Table 2. Sequences of siRNAs designed against capsid protein gene of PVY used in the study
-
The CHO-k cell line was kindly obtained from Biopharmaceuticals lab (CEMB, Lahore Pakistan) and were grown in DMEM media with 100μg/mL of strep-tomycin, 100U/mL of penicillin and 10 % FBS (Gibco).
-
CHO-k cells were seeded in 6-well plates at 1×106cells/well and were grown overnight prior to transfection. Cells were transfected at 50%-70% confluence containing 1.5 mL of medium per well. Cells were co-transfected with pCPVY construct, together with siRNAs. All transfections were performed using lipofectamine 2000 as transfection reagent (Invitrogen, CA).
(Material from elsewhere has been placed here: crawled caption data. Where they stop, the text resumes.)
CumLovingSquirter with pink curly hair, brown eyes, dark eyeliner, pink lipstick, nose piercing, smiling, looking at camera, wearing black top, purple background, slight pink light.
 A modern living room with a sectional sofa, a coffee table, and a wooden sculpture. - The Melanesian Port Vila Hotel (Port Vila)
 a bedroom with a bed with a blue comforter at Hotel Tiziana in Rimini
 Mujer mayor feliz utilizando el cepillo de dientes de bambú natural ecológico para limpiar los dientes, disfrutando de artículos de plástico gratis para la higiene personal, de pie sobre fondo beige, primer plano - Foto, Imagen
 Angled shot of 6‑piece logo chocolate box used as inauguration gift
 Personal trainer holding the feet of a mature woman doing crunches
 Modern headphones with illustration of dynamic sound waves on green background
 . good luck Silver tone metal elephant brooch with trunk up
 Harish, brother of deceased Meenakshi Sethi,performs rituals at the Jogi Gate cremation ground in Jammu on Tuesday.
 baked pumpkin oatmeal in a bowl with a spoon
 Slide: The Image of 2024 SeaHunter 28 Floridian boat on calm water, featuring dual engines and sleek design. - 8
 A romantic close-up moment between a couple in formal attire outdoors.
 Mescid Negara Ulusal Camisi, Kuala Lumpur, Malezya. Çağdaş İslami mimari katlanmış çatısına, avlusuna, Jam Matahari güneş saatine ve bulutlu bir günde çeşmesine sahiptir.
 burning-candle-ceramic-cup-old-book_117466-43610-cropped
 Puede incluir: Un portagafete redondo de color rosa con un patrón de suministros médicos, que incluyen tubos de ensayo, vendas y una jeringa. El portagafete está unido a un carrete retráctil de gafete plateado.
For knockdown of CP-PVY mRNA, 50ng to 1μg pCPVY was used while the siRNA concentration was kept at 100nmol/L. All transfection experiments were done in triplicate.
-
RT-PCR was used to measure the mRNA expression during the knockdown study of CP-PVY. Total RNA was isolated from CHO-k cells by using TRIzol reagent (Invitrogen). cDNA was synthesized using 1μg of total cellular RNA treated with DNase, oligo dT primer and dNTPs. After being denatured at 70℃ for 5 min and then cooled to 37℃, 40 U of M-MuLV (Fermentas) were added and the extension was carried out at 37℃ for 1 h. Reaction was stopped by heating at 70℃ for 10 min. PCR was carried out with the corresponding PV9 and PV10 primers (Table 1). The PCR amplification profile was adjusted at 27 cycles: denaturation at 94℃ for 45 s, annealing at 58℃ for 45 s, and extension at 72℃ for 45 s. All samples were run in triplicate and normalized to GAPDH mRNA.
-
For the real-time PCR, Primer3 software provided by (http://frodo.wi.mit.edu/primer3/verifiedon2009/07/22) was used to design specific RT-F and RT-R primers (Table 1), that could amplify a fragment size of 100bp out of the 480bp conserved CP-PVY gene portion. Tm was optimized for the primers and checked for absence of non-specific bands after electrophoresis in 2% agarose gel. Real-time PCR was performed on a Cepheid Smart Cycler Ⅱ using SYBR Green Mix (Fermentas). 1μg of cDNA was used in each reaction to study the knockdown efficiency of CP-PVY mRNA caused by siRNAs. The amplification profile was adjusted at 30 cycles: denaturation at 94℃ for 30 s, annealing at 58℃ for 30 s, and extension at 72℃ for 30 s after initial denaturation at 94℃ for 10 min. The GAPDH was used as a control for normalization. The relative gene expression analysis was done by using Ct values in different samples and calculated standard deviation. Each real-time PCR assay was performed in triplicate.